Sandra selalu belajar untuk menepati janjinya
dan ia memang menjadi anak yang patuh. Namun wanita itu tak selalu berperilaku
manis begitu. Sandra lebih sering melihatnya dalam tingkah laku yang lain.
Maka, berkelebatan di benak Sandra bibir merah yang terus menerus mengeluaran
asap, mulut yang selalu berbau minuman keras, mata yang kuyu, wajah yang pucat,
dan pager …
Tentu saja Sandra selalu ingat apa yang tertulis
dalam pager ibunya. Setiap kali pager itu berbunyi, kalau sedang merias diri
dimuka cermin, wanita itu selalu meminta Sandra memencet tombol dan
membacakannya.
DITUNGGU DI MANDARIN
KAMAR: 505, PKL 20.00
Sandra tahu, setiap kali pager ini menyebut nama
hotel, nomor kamar, dan sebuah jam pertemuan, ibunya akan pulang terlambat.
Kadang-kadang malah tidak pulang sampai dua atau tiga hari. Kalau sudah begitu
Sandra akan merasa sangat merindukan wanita itu. Tapi, begitulah , ia sudah
belajar untuk tidak pernah mengungkapkanya.
***
Empat puluh menit lewat sudah.
“Yang sudah selesai boleh dikumpulkan,” kata Ibu
guru Tati.
Belum ada secoret kata pun di kertas Sandra.
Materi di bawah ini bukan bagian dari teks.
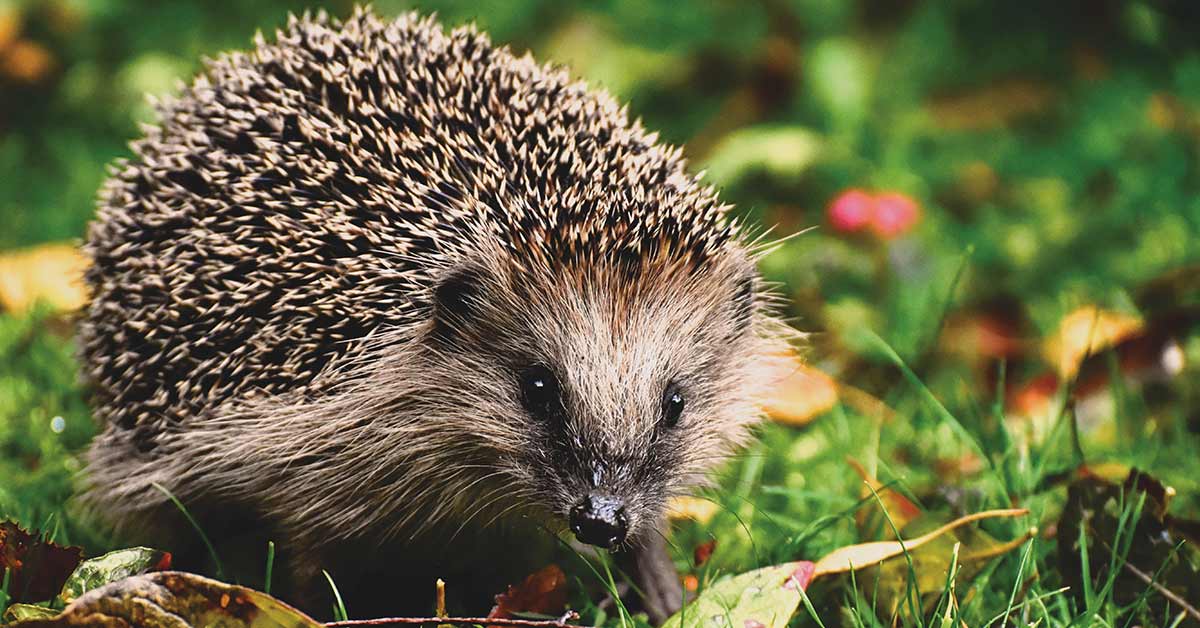 Garten im Herbst Igel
Masih putih, bersih, tanpa setitik pun noda. Beberapa anak yang sampai hari itu
belum mempunyai persoalan yang teralalu berarti dalam hidupnya menulis dengan
lancar. Bebarapa diantaranya sudah selesai dan setelah menyerahkannya segera
berlari keluar kelas.
Sandra belum tahu judul apa yang harus
ditulisnya.
“Kertasmu masih kosong, Sandra?” Ibu Guru Tati
tiba-tiba bertanya.
Sandra tidak menjawab. Ia mulai menulis
judulnya: Ibu. Tapi, begitu Ibu Guru Tati pergi, ia melamun lagi. Mama, Mama,
bisiknya dalam hati. Bahkan dalam hati pun Sandra telah terbiasa hanya
berbisik.
Ia juga hanya berbisik malam itu, ketika
terbangun karena dipindahkan ke kolong ranjang. Wanita itu barangkali mengira
ia masih tidur. Wanita itu barangkali mengira, karena masih tidur maka Sandra
tak akan pernah mendengar suara lenguhnya yang panjang maupun yang pendek di
atas ranjang. Wanita itu juga tak mengira bahwa Sandra masih terbangun ketika
dirinya terkapar tanpa daya dan lelaki yang memeluknya sudah mendengkur keras
sekali. Wanita itu tak mendengar lagi ketika dikolong ranjang Sandra berbisik
tertahan-tahan “Mama, mama …” dan pipinya basah oleh air mata.
“Waktu habis, kumpulkan semua ke depan,” ujar
Ibu Guru Tati.
Semua anak berdiri dan menumpuk karanganya di
meja guru. Sandra menyelipkan kertas di tengah.
Di rumahnya, sambil nonton RCTI, Ibu Guru Tati
yang belum berkeluarga memeriksa pekerjaan murid-muridnya. Setelah membaca
separo dari tumpukan karangan itu, Ibu guru Tati berkesimpulan, murid-muridnya
mengalami masa kanak-kanak yang indah.
Ia memang belum sampai pada karangan Sandra,
yang hanya berisi kalimat sepotong:
Ibuku seorang pelacur…
Palmerah, 30 November 1991
*) Dimuat di harian Kompas, 5 Januari 1992.
Terpilih sebagai Cerpen Pilihan Kompas 1993.